Kylin - 分析数据

简介: I. Create a Project Go to Query page in top menu bar, then click Manage Projects.


I. Create a Project

  1. Go to Query page in top menu bar, then click Manage Projects.

  2. Click the + Project button to add a new project.

  3. Enter a project name, e.g, “Tutorial”, with a description (optional), then click submit button to send the request.

  4. After success, the project will show in the table.

II. Sync up Hive Table

  1. Click Model in top bar and then click Data Source tab in the left part, it lists all the tables loaded into Kylin; click Load Hive Table button.

  2. Enter the hive table names, separated with commad, and then click Sync to send the request.

  3. [Optional] If you want to browser the hive database to pick tables, click the Load Hive Table From Tree button.

  4. [Optional] Expand the database node, click to select the table to load, and then click Sync.

  5. A success message will pop up. In the left Tables section, the newly loaded table is added. Click the table name will expand the columns.

  6. In the background, Kylin will run a MapReduce job to calculate the approximate cardinality for the newly synced table. After the job be finished, refresh web page and then click the table name, the cardinality will be shown in the table info.

III. Create Data Model

Before create a cube, need define a data model. The data model defines the star schema. One data model can be reused in multiple cubes.
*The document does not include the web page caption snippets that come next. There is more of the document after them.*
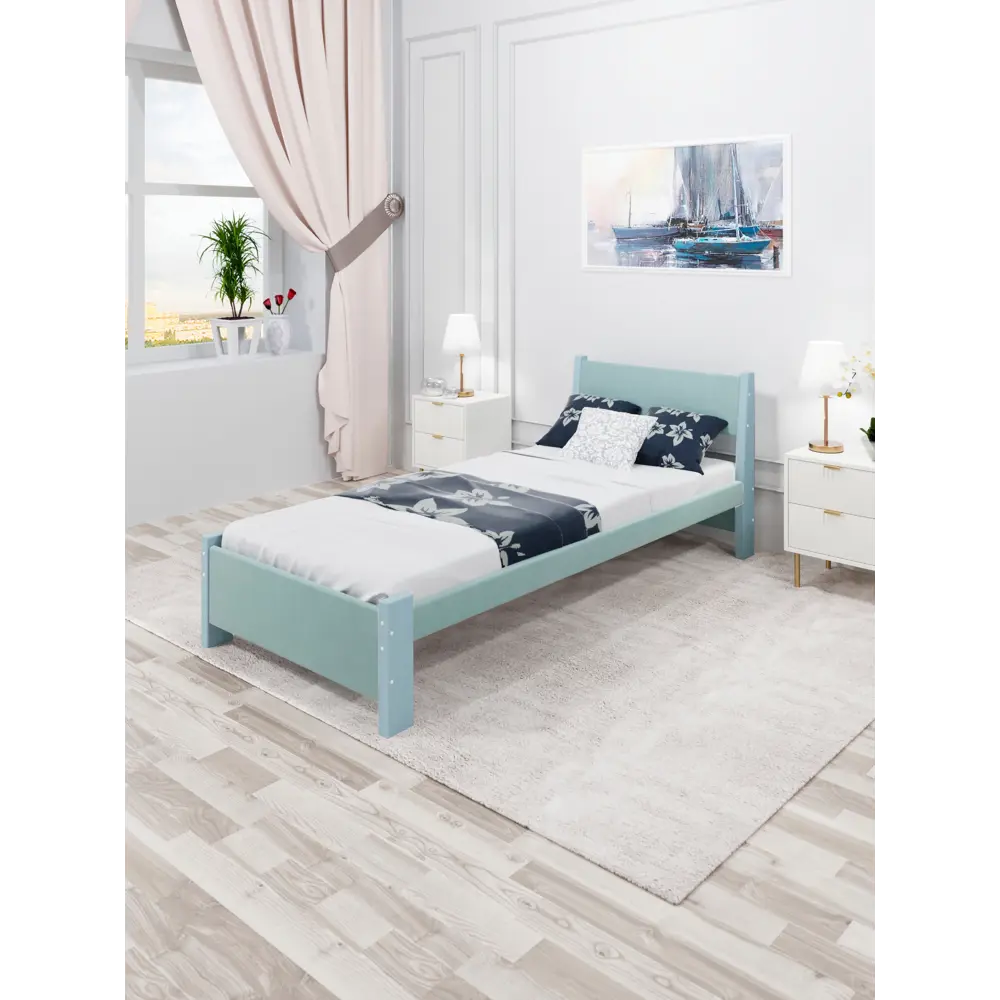 Фото 4 Кровать Solarius Мишка реечное основание 110 x 80 x 210 см дерево цвет тиффани;голубой Фото 4 Кровать Solarius Мишка реечное основание 110 x 80 x 210 см дерево цвет тиффани;голубой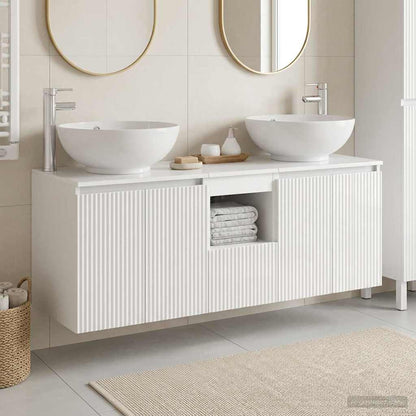 vidaXL Bathroom Cabinet Set 3 pcs High Gloss White 49.5 x 44.5 x 65 cm 1
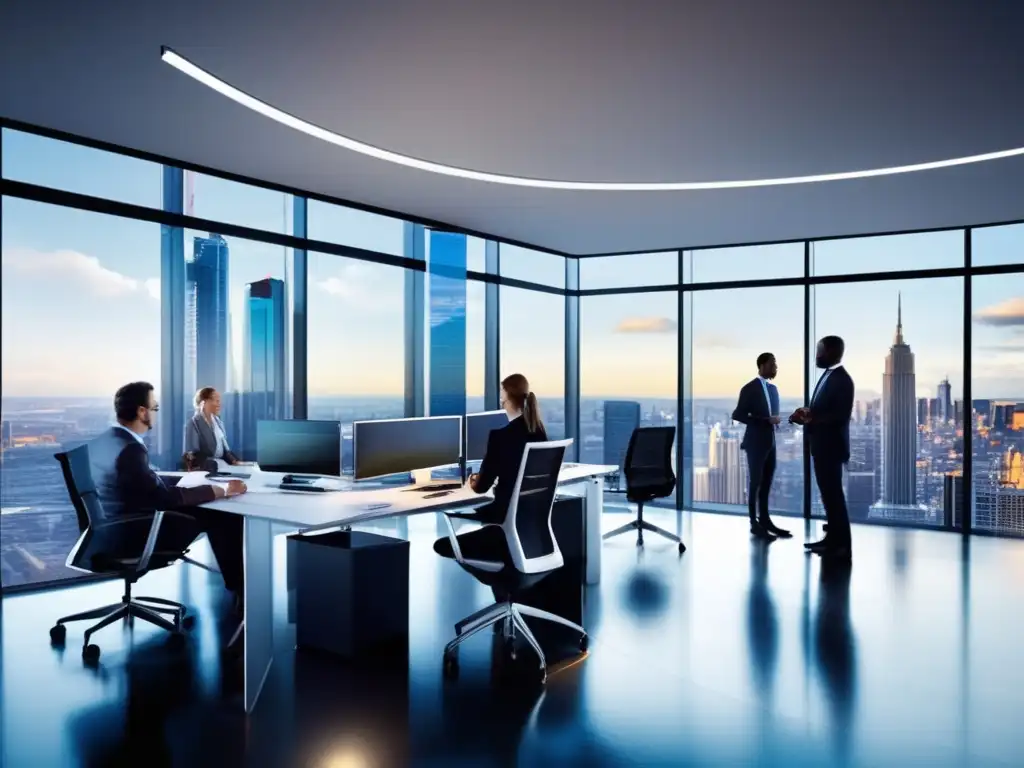 Oficina moderna con tecnología AI y profesionales discutiendo Ventajas de usar software AI en inversiones: oficina moderna, profesionales en discusiones, tecnología avanzada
  1. Click Model in top bar, and then click Models tab. Click +New button, in the drop-down list select New Model.

  2. Enter a name for the model, with an optional description.

  3. In the Fact Table box, select the fact table of this data model.

  4. [Optional] Click Add Lookup Table button to add a lookup table. Select the table name and join type (inner or left).

  5. [Optional] Click New Join Condition button, select the FK column of fact table in the left, and select the PK column of lookup table in the right side. Repeat this if have more than one join columns.

  6. Click “OK”, repeat step 4 and 5 to add more lookup tables if any. After finished, click “Next”.

  7. The “Dimensions” page allows to select the columns that will be used as dimension in the child cubes. Click the Columns cell of a table, in the drop-down list select the column to the list.

  8. Click “Next” go to the “Measures” page, select the columns that will be used in measure/metrics. The measure column can only from fact table.

  9. Click “Next” to the “Settings” page. If the data in fact table increases by day, select the corresponding date column in the Partition Date Column, and select the date format, otherwise leave it as blank.

  10. [Optional] Select Cube Size, which is an indicator on the scale of the cube, by default it is MEDIUM.

  11. [Optional] If some records want to excluded from the cube, like dirty data, you can input the condition in Filter.

  12. Click Save and then select Yes to save the data model. After created, the data model will be shown in the left Models list.

IV. Create Cube

After the data model be created, you can start to create cube.

Click Model in top bar, and then click Models tab. Click +New button, in the drop-down list select New Cube.

Step 1. Cube Info

Select the data model, enter the cube name; Click Next to enter the next step.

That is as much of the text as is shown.